21. A computer-readable recording medium that records a computer program comprising instructions for causing a transmission device configured to transmit a packet to a reception device to realize a model specification information reception unit configured to receive model specification information, which is information transmitted by the reception device and is information for specifying a mathematical model representing behavior of a plurality of packets from when the plurality of packets are transmitted by the transmission device to when the plurality of packets reach the reception device.
22. The recording medium according to claim 21, wherein the model specification information has a smaller information amount than an information amount of the plurality of behavior information.

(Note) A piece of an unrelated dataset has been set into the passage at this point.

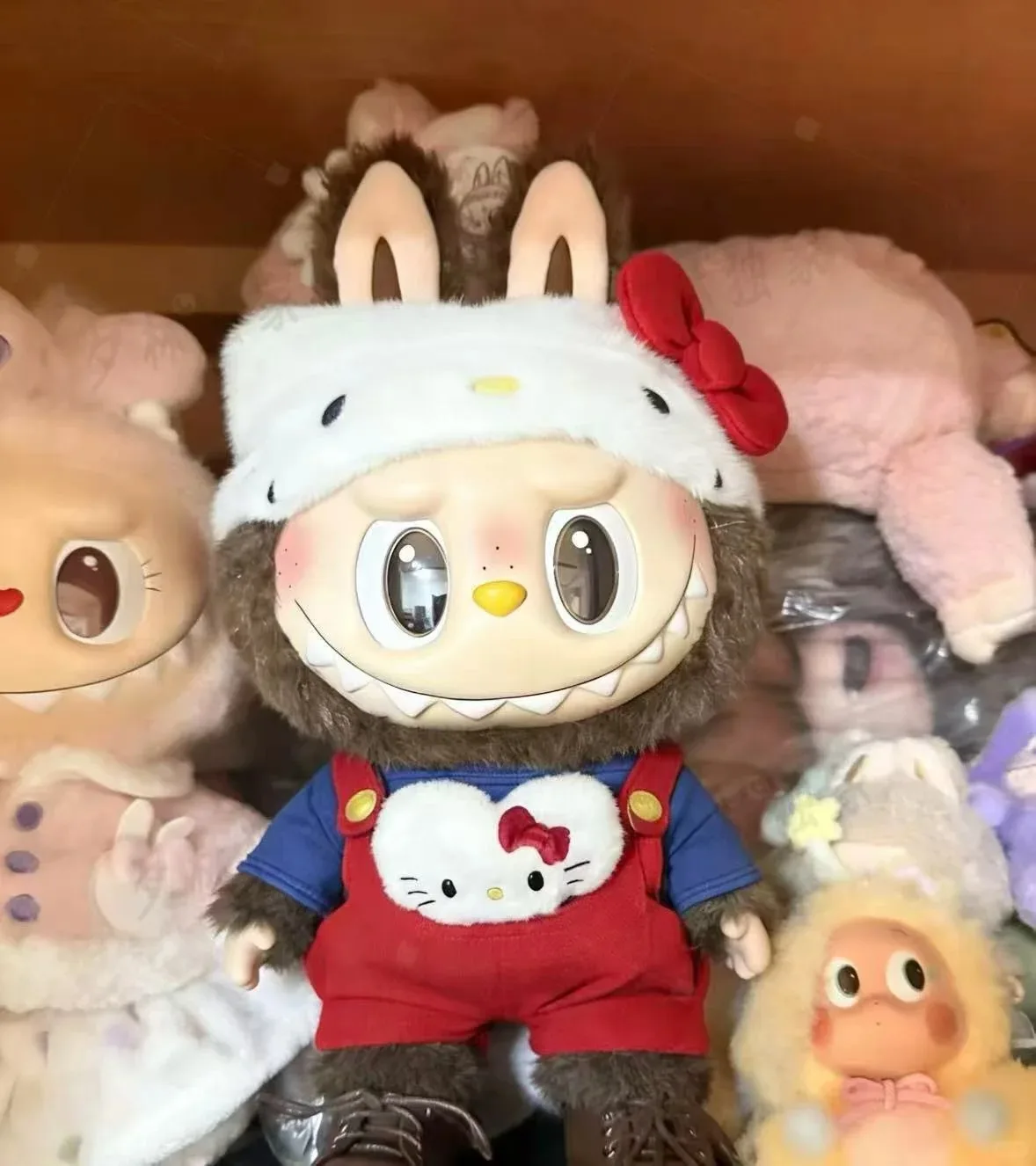 

POPMART Popular co-branded products Labubu Hello Kitty big doll A wonderful collection gift featuring exquisite creative designs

23. A communication system including a transmission device configured to transmit a packet and a reception device configured to receive the packet, wherein:
the reception device includes:
a behavior information acquisition means configured to acquire behavior information that represents behavior of the received packet from when the packet is transmitted by the transmission device to when the packet reaches the reception device;
a model specification information acquisition means configured to acquire model specification information for specifying a mathematical model representing the behavior of a plurality of packets based on the behavior information acquired for each of the plurality of packets; and
a model specification information transmission means configured to transmit the acquired model specification information to the transmission device; and
the transmission device includes a model specification information reception means configured to receive the model specification information transmitted by the reception device.
24. A reception device configured to receive a packet transmitted by a transmission device, the reception device comprising:
a behavior information acquisition means configured to acquire behavior information that represents behavior of the received packet from when the packet is transmitted by the transmission device to when the packet reaches the reception device;
a model specification information acquisition means configured to acquire model specification information for specifying a mathematical model representing the behavior of a plurality of packets based on the behavior information acquired for each of the plurality of packets; and
a model specification information transmission means configured to transmit the acquired model specification information to the transmission device.
25. A transmission device configured to transmit a packet to a reception device, the transmission device comprising a model specification information reception means configured to receive model specification information, which is information transmitted by the reception device and is information for specifying a mathematical model representing behavior of a plurality of packets from when the plurality of packets are transmitted by the transmission device to when the plurality of packets reach the reception device.